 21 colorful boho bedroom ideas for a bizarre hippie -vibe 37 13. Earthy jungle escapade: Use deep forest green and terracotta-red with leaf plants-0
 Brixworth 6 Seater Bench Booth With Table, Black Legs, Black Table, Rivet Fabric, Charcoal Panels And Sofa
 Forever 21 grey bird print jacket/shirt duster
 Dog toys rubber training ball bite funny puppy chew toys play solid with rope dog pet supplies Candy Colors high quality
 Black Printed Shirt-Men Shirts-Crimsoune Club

--------------------------------

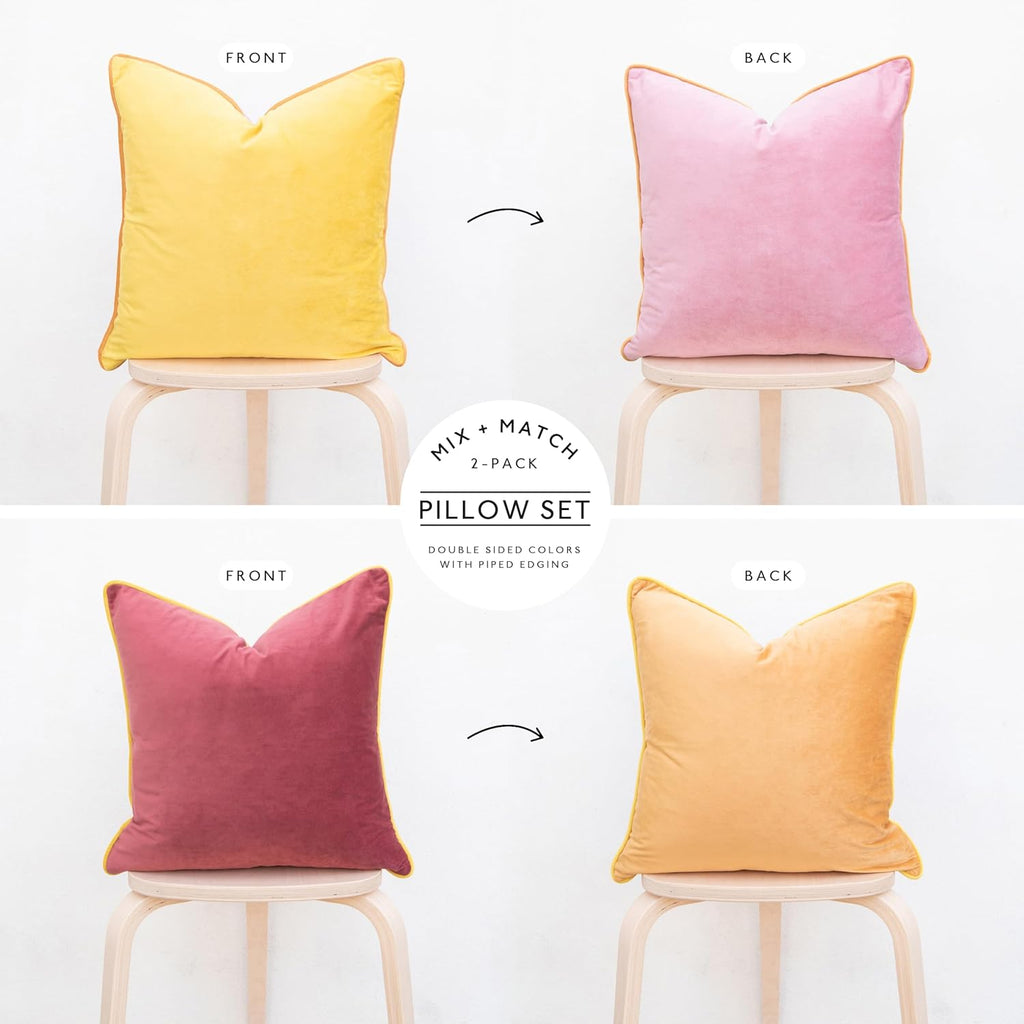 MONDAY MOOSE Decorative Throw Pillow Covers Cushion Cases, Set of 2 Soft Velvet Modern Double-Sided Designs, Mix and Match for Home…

--------------------------------

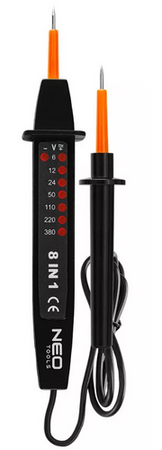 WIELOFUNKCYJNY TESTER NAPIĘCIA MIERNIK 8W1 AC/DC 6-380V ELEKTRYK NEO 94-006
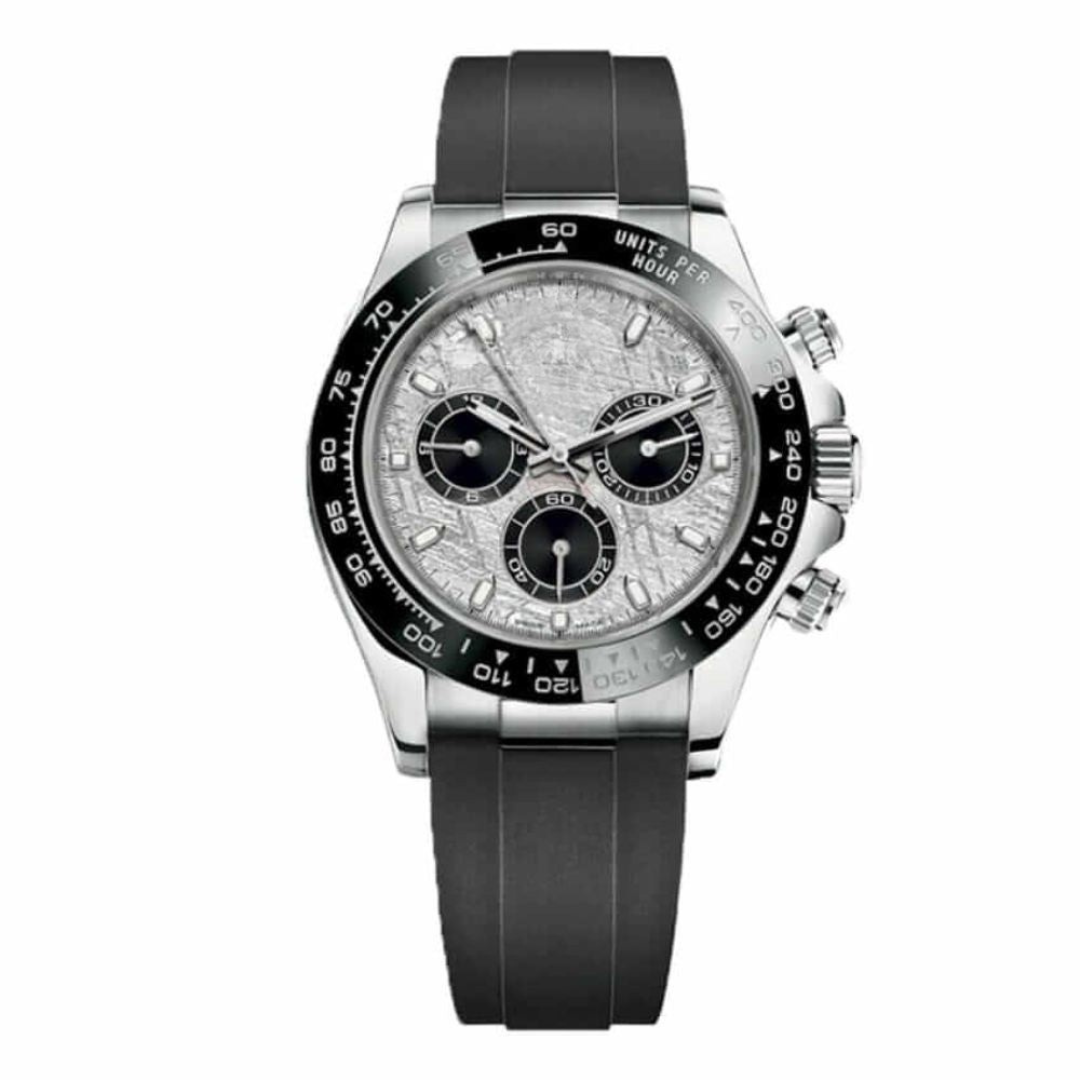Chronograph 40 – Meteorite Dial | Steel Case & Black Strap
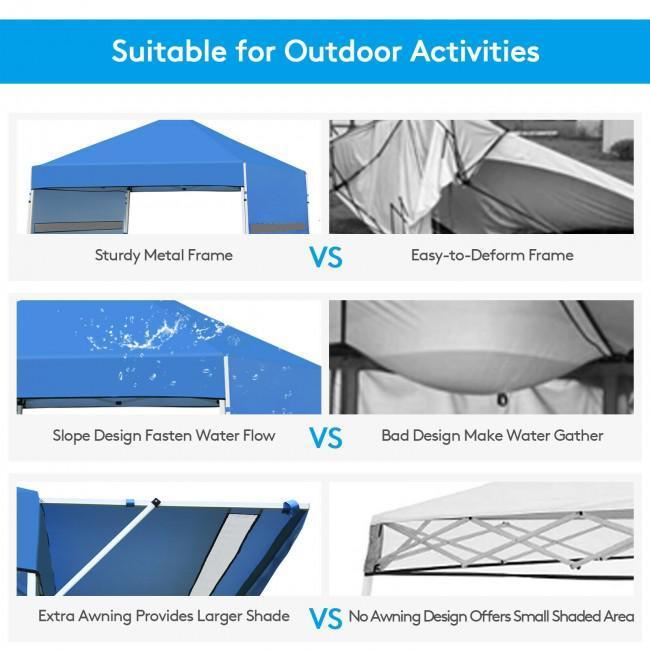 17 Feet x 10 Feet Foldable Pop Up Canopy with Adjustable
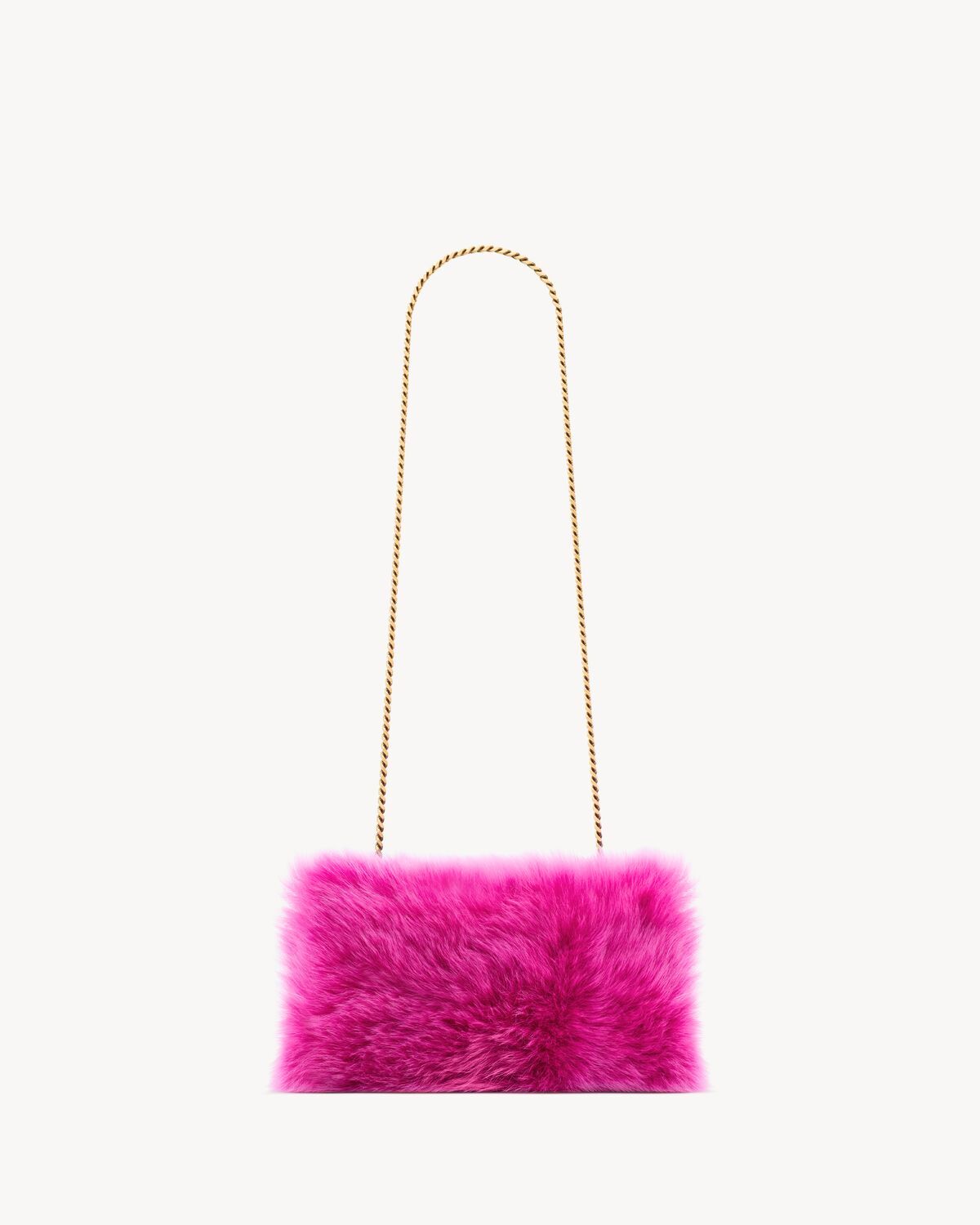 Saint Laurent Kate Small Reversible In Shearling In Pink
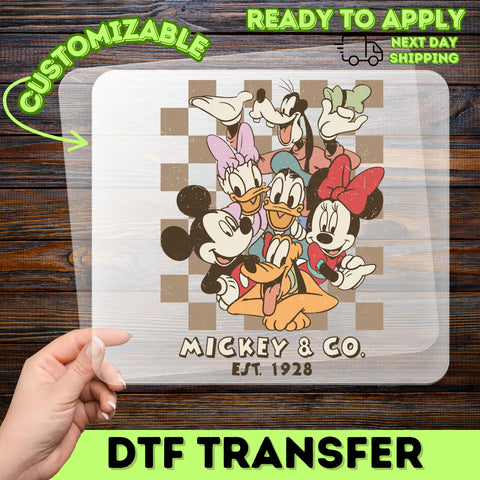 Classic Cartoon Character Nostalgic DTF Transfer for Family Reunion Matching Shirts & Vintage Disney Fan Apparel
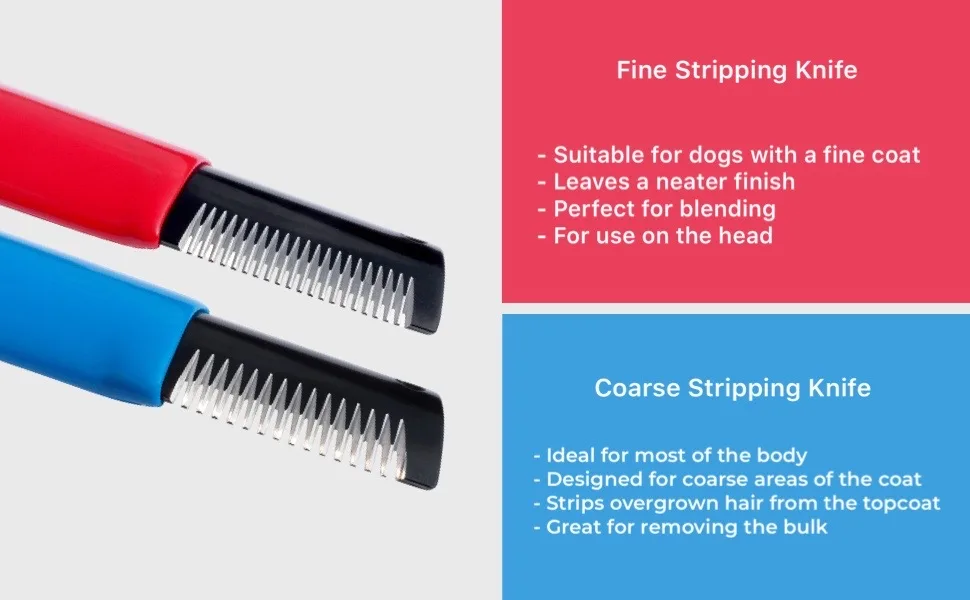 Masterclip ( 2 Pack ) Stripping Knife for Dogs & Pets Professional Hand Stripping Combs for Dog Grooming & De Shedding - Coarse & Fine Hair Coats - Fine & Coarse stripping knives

--------------------------------

- What is expected: Could you restate, word for word, the lines above from the one with "21 colorful boho" to the one with "Black Printed Shirt-Men", both included?

- Answer space:
 21 colorful boho bedroom ideas for a bizarre hippie -vibe 37 13. Earthy jungle escapade: Use deep forest green and terracotta-red with leaf plants-0
 Brixworth 6 Seater Bench Booth With Table, Black Legs, Black Table, Rivet Fabric, Charcoal Panels And Sofa
 Forever 21 grey bird print jacket/shirt duster
 Dog toys rubber training ball bite funny puppy chew toys play solid with rope dog pet supplies Candy Colors high quality
 Black Printed Shirt-Men Shirts-Crimsoune Club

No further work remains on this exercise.